A former Guatemalan Army lieutenant was extradited Friday from Canada to stand trial in Southern California on federal charges related to the massacre of 250 people in a Guatemalan village in 1982, a case that has resulted in landmark human rights prosecutions in Guatemala and the United States.
U.S. federal officers took custody of Jorge Vinicio Sosa Orantes in Calgary Friday morning and were en route to Los Angeles, U.S. officials said. Sosa, 54, is the highest-ranking officer to have been arrested on charges alleging direct involvement in the massacre by a 20-man unit of elite commandos in the northern Guatemalan farming hamlet of Dos Erres.
In May, ProPublica reported the story of Oscar Alfredo Ramírez Castañeda, who
learned only last year that he was a Dos Erres survivor. He had been abducted by
a commander of the unit and raised by his family.
Sosa, a karate instructor who
holds both U.S. and Canadian citizenship, fled his home in the Los Angeles area
in mid-2010 as agents of Immigration and Customs Enforcement (ICE) closed in on
him. He went to Mexico and then to Lethbridge in western
Canada, where he has family, and was arrested in January of last year,
according to U.S. and Canadian court documents. Last month, a Canadian appeals
court ended his legal fight to avoid extradition to the United States.
Because U.S. courts do not
have jurisdiction for the massacre, federal prosecutors indicted Sosa on charges
of lying on immigration forms.

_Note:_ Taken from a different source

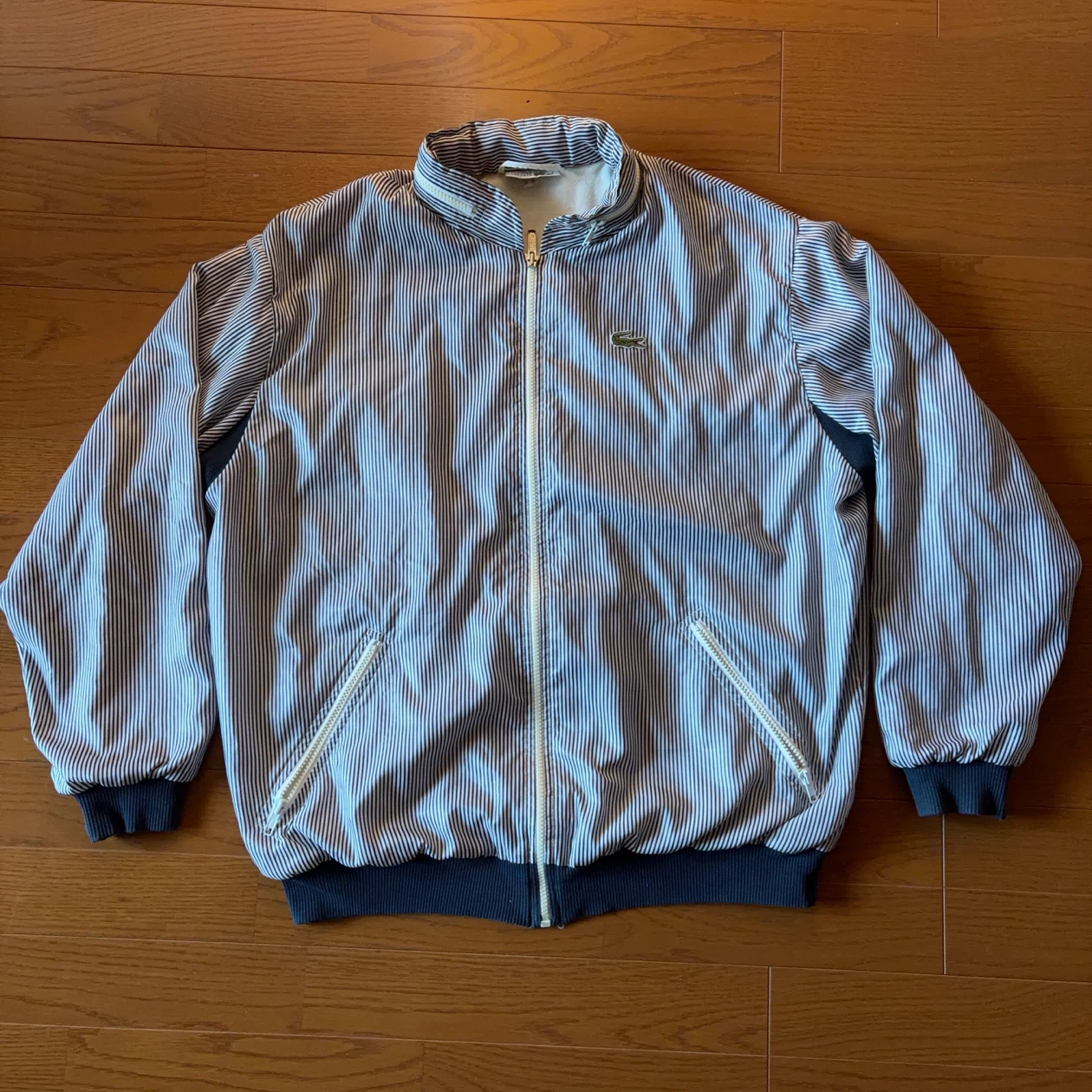 CHEMISE LACOSTE フレンチラコステ 80s〜90s フランス製 ストライプ フードブルゾン SIZE 6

He allegedly concealed his military service and
involvement in Dos Erres on the forms when he obtained citizenship in 2008 and
residency 10 years earlier, according to an indictment filed in 2010. The trial
could start in about two months in federal court in Riverside, Calif.
In Dos Erres, Sosa allegedly
oversaw the slaughter of men, women and children who were dumped in a well
during a day-long frenzy of torture, rape and pillage, according to U.S. and
Guatemalan court documents. He allegedly fired his rifle and threw a grenade into
a pile of living and dead victims in the well, according to the testimony in
Guatemalan courts of two former soldiers who are now protected witnesses.

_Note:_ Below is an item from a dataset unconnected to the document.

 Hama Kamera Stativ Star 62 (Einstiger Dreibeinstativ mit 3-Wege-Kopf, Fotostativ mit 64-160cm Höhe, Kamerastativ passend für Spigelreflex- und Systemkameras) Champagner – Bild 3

Sosa was a sub-lieutenant at the time,
junior in rank only to three lieutenants in the squad of highly-trained
commando instructors. Sosa denied guilt during a recent telephone interview
with ProPublica from jail in Calgary. He said he was in another village doing a
military public works project on the day of the massacre in December 1982. He
described the charges against him as the product of a conspiracy.
The Dos Erres case was one
of the worst of hundreds of massacres during Guatemala’s 30-year civil war,
which ended in 1996 and resulted in more than 200,000 deaths. In “Finding Oscar: Massacre, Memory and Justice in
Guatemala,” ProPublica told the story
through the odyssey of Oscar Ramírez Castañeda, now a
33-year-old father of four living in Boston. After a dogged investigation by
Guatemalan prosecutors, Oscar learned last year that his life until that point
had been based on a lie.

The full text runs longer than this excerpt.